How could you get a co-op to work in America?
Barriers:
– People have gotten to used to it being a free enterprise that somebody else does.
Is local news the thing that we can give back?
– Sometimes the "big" media comes in, but the other smaller media gets ignored

A co-op could work if:
– there wasn’t any other source of local news
– there’s a niche you can fill
. below the countywide level
. suburban sprawl has killed weeklies (suburban sprawl isn’t very geographic)
. there’s a loss of neighborhood
. speed is an issue, especially for small weeklies
. a print product can’t give neighborhood-level news
. why link the concept of journalism to the written press?
. weekly used to be alright because we were a society used to working slower, now many of us are tied to minute updates

what are the lessons from radio
– is PBS viable or too attached to a mindset
– is talk radio news?
– is talk radio and blogging related? people start them because they want to share their "unheard" opinion

crowd sourcing is part of it — journalists could pose questions to everyone and try to bring them into the conversation
can you make your news organization the place were people go to learn about your community and opine about it
ownership model could be at the homeowner level — it’s a natural collection level. Such as homeowner associations.
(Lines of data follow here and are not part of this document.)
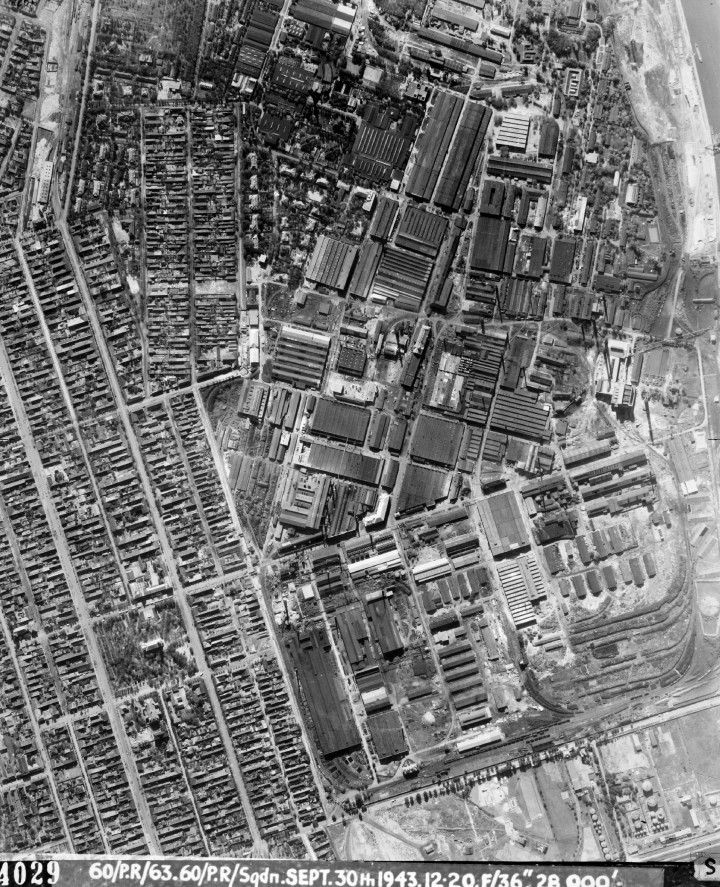 A Weiss Manfréd Acél- és Fémművek területe egy 1943-as légifotón – Fotó: Fortepan / USAF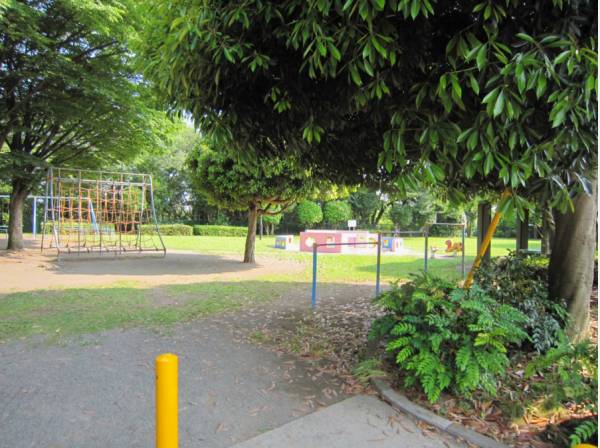 石原谷公園まで徒歩1分(約80ⅿ)
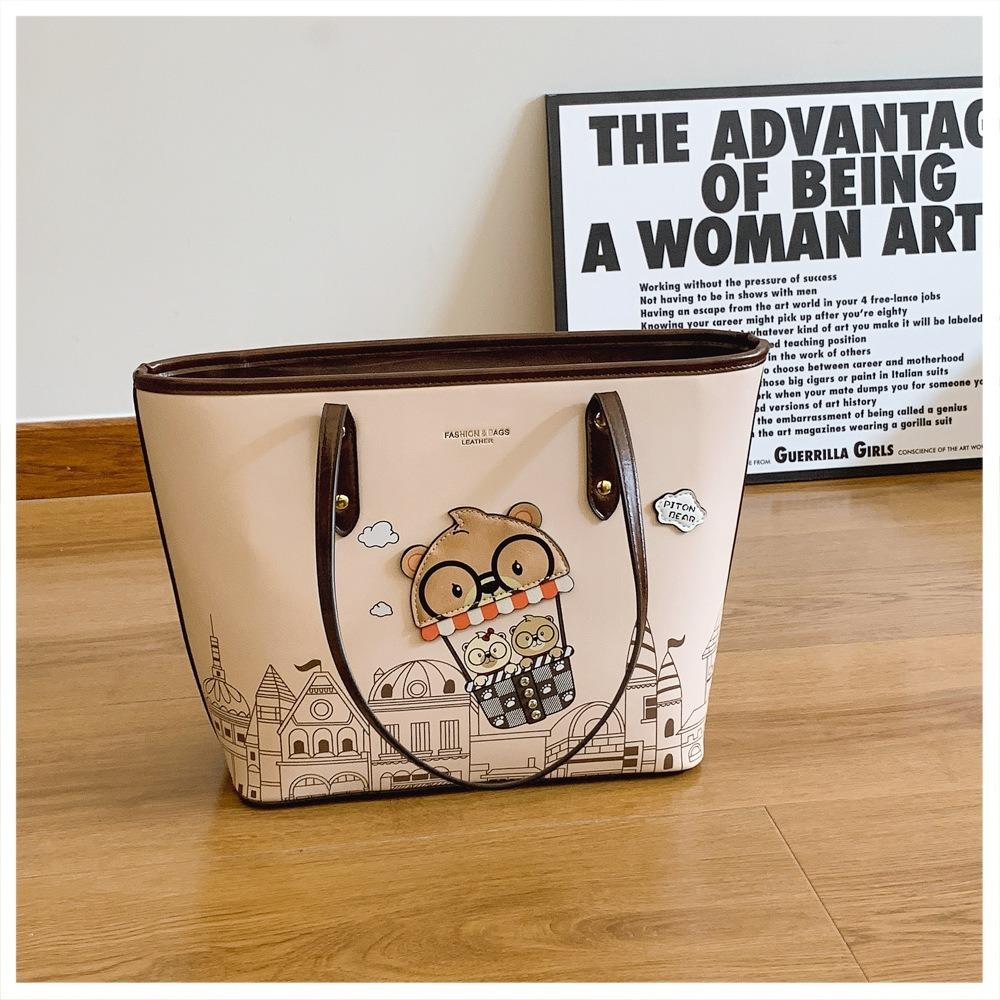 

Fashion-forward Bear Print Design Shoulder Bag Large capacity Casual Handbag Adorable Underarm Bag Outing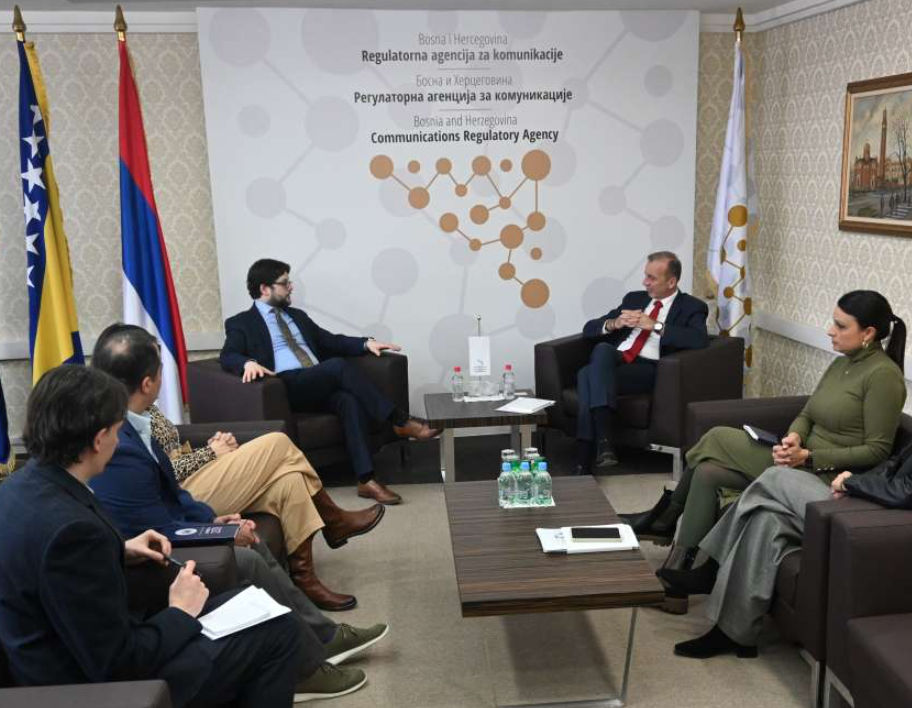 Direktor RAK-a i predstavnici Ambasade SAD-a o uvođenju 5G mreže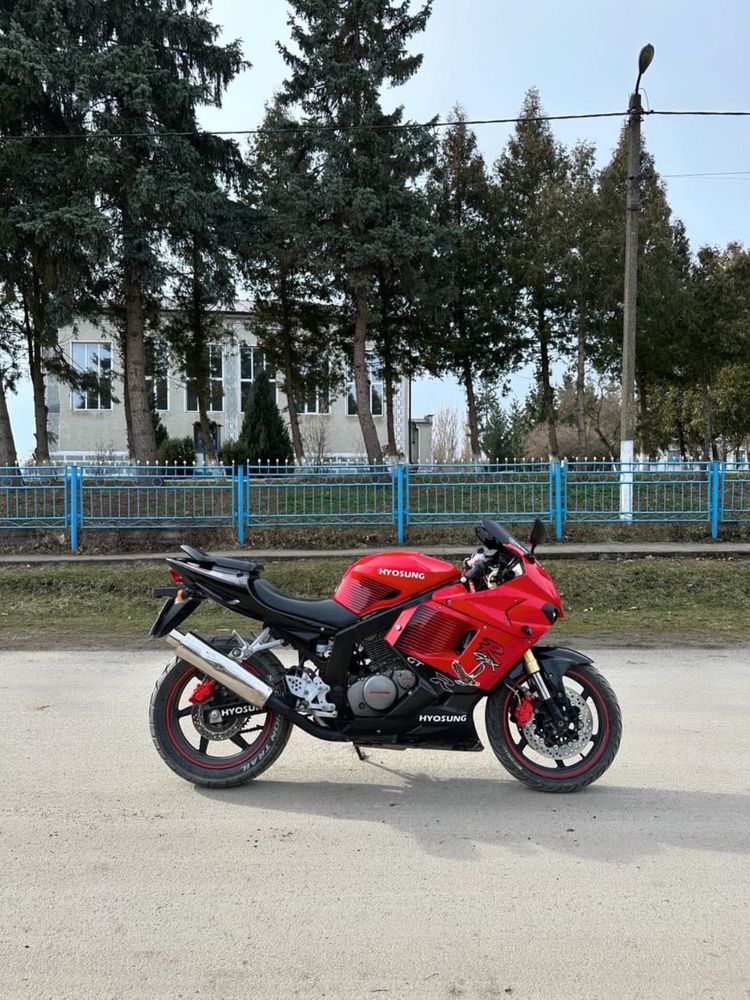 Продам мотоцикл  Hyosung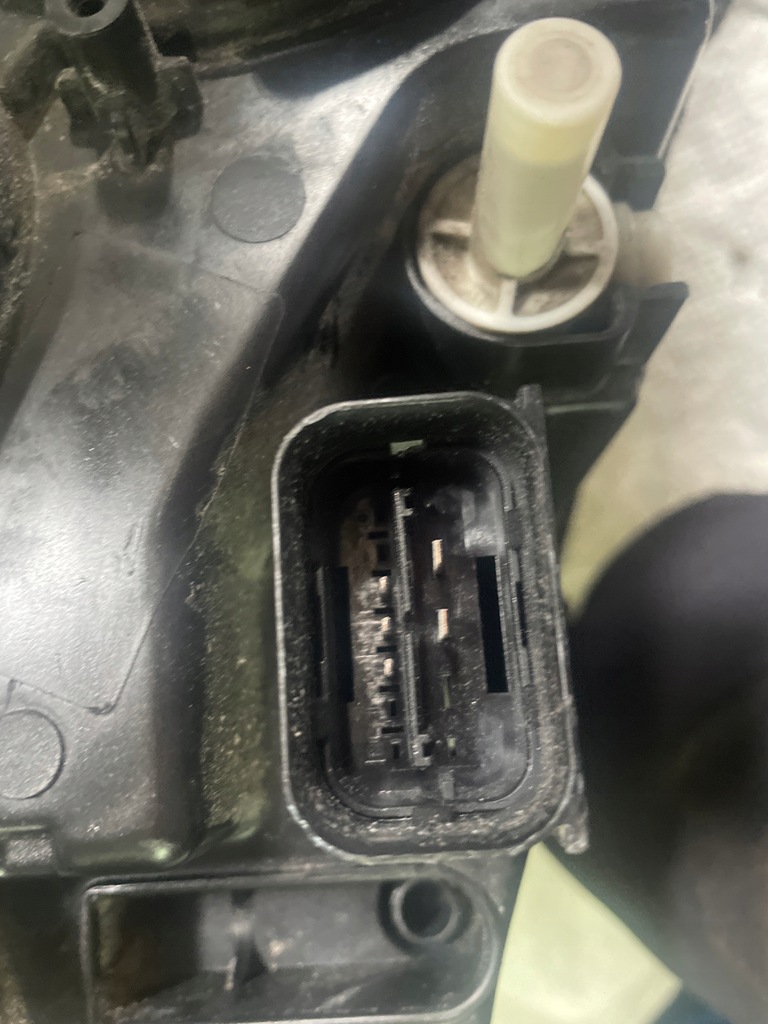 фото №7, Bmw i3 адаптивний led ліва лампа фара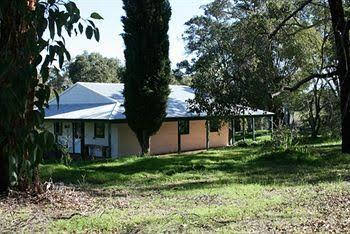 Hoddywell Cottage - Accommodation Adelaide 0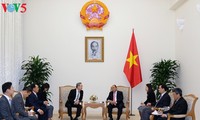 PM Vietnam, Nguyen Xuan Phuc menerima Presiden Grup Komunikasi Maekyung (Republik Korea), Chang Dae Whan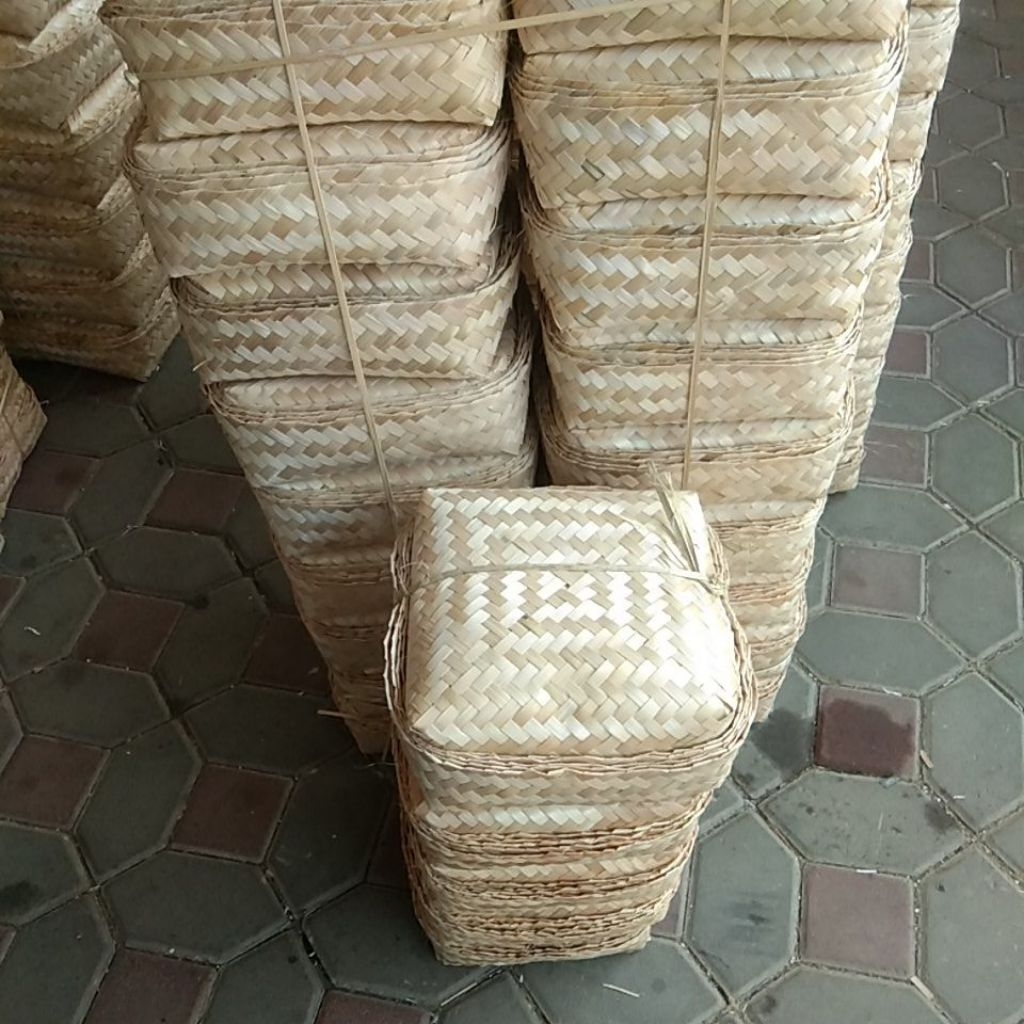 Besek Bambu 25x25 Besek Nasi Dll
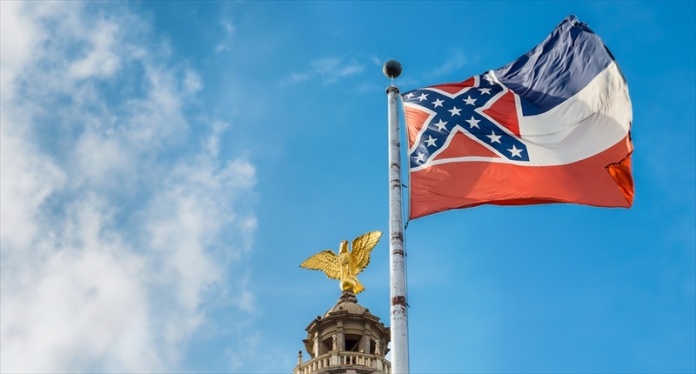 Mississippi-state-flag-flying-in-front-of-capitol-building-in-Jackson-Shutterstock1-800x430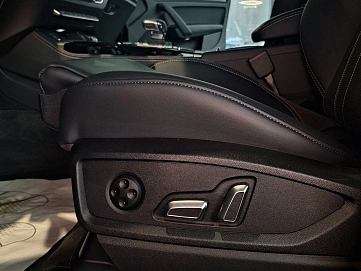 Audi Q5, 2025г., полный привод, робот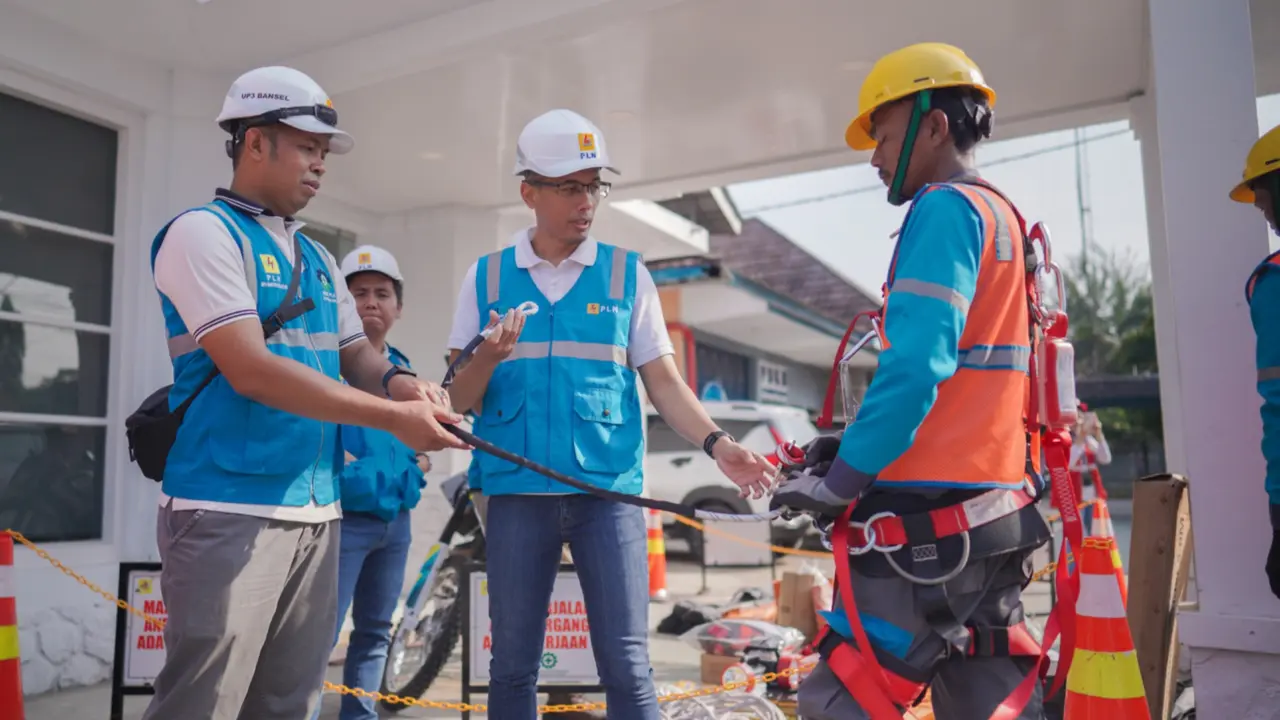 Pegawai PLN UID Banten Siaga di Momen Idul Adha 2025. (Kamis, 05/06/2025). (PLN UID Banten).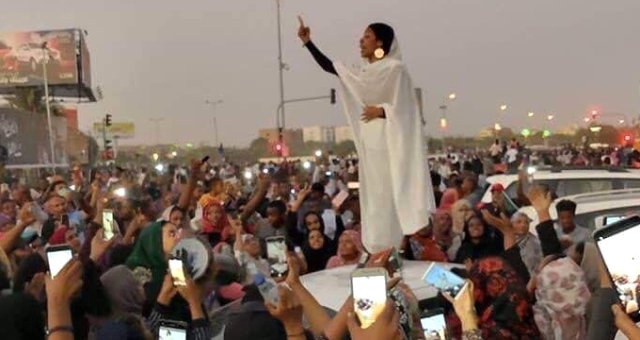 Sudan'daki Hareketin Sembolü Kadından Yeni Video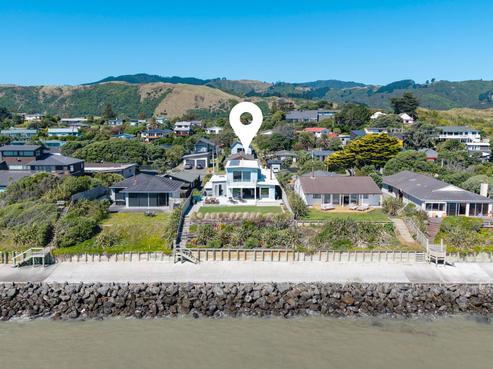 96 The Esplanade, Raumati South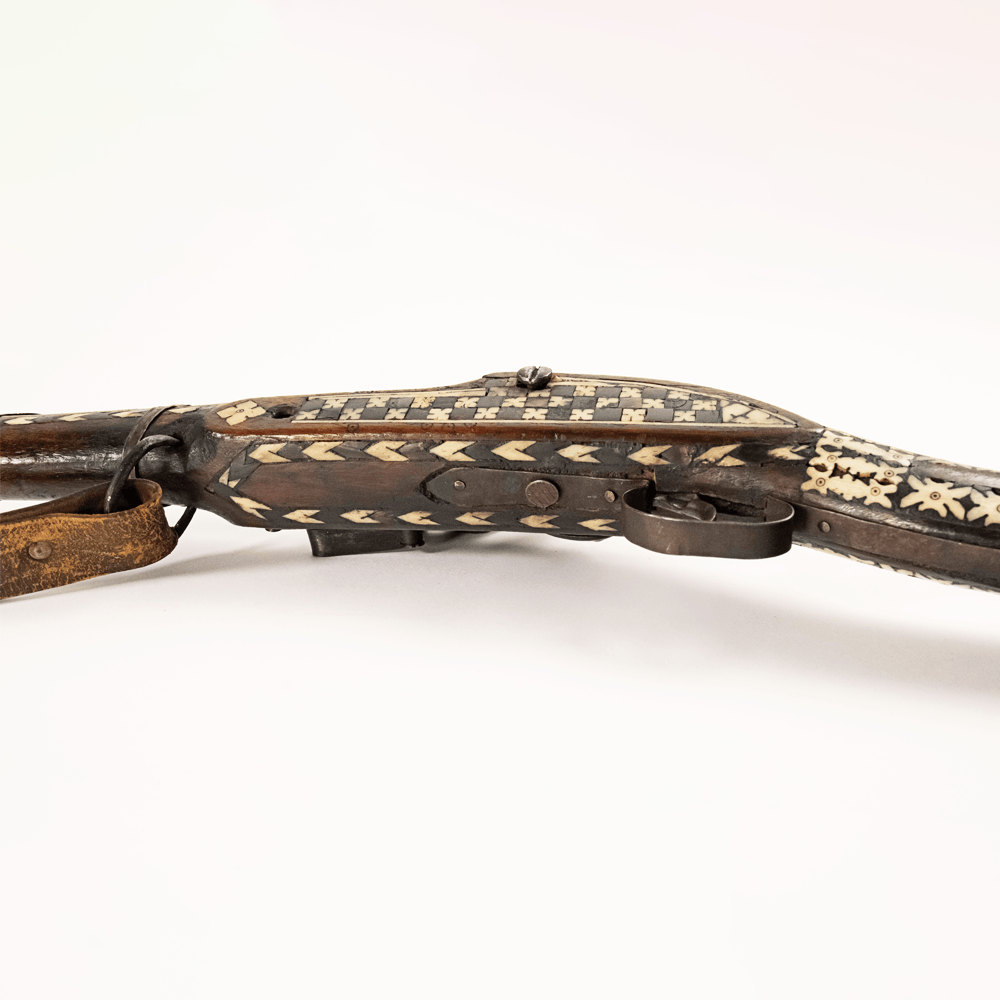 Antique Middle Eastern Jezail Flintlock with Decorative Inlay Gold & Silver Pawn Shop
If there’s revenue from this, then the money can feed back into the community
The ownership aspects are the things that have to change
does ownership need to be tied to geography
: what groups exist that have geographic ties? parent groups, sports (all levels), work groups, commuters, small businesses, alumni of the area

barry wallman: network individualism. everyone has their own community that they built. the manifestation of that is myspace.
you can’t use the internet to make people do something they wouldn’t otherwise do

is the new term hyperpersonal rather than hyperlocal

should it be about personal relevance? what’s the purpose of journalism? can you tie news from other places into your local community sites?
again: local education, homeowner associations, interests tied to geography, shopping
the journalists could make the connections to the larger picture and use the conversations to find stories to cover (answer the questions that people are asking)

do journalists live in the community they cover?

is there a model where the journalist is working for the community, not the workplace?

journalism has existed underneath but separate from the umbrella of business
community work has to be bottom up
community site owners should be owners of the business AND the content
need quality of information and analysis
do you need the "big" journalism and can it all be done through comments from the various parties?

How do we show the progression of the stories we’re working on? It would be a huge help to transparency.

How about co-opetition?

Would the community pay to be covered? Example, the local paper is getting rid of their music writer? Would the community get together and pay for that position to keep the coverage?

How do you preserve a degree of autonomy and accountability?
There should be a level of insolation. An ombudsman? How do you get rid of a judge?

How do the small papers survive? How do they produce really good, independent news when they’re face-to-face with their readers everyday?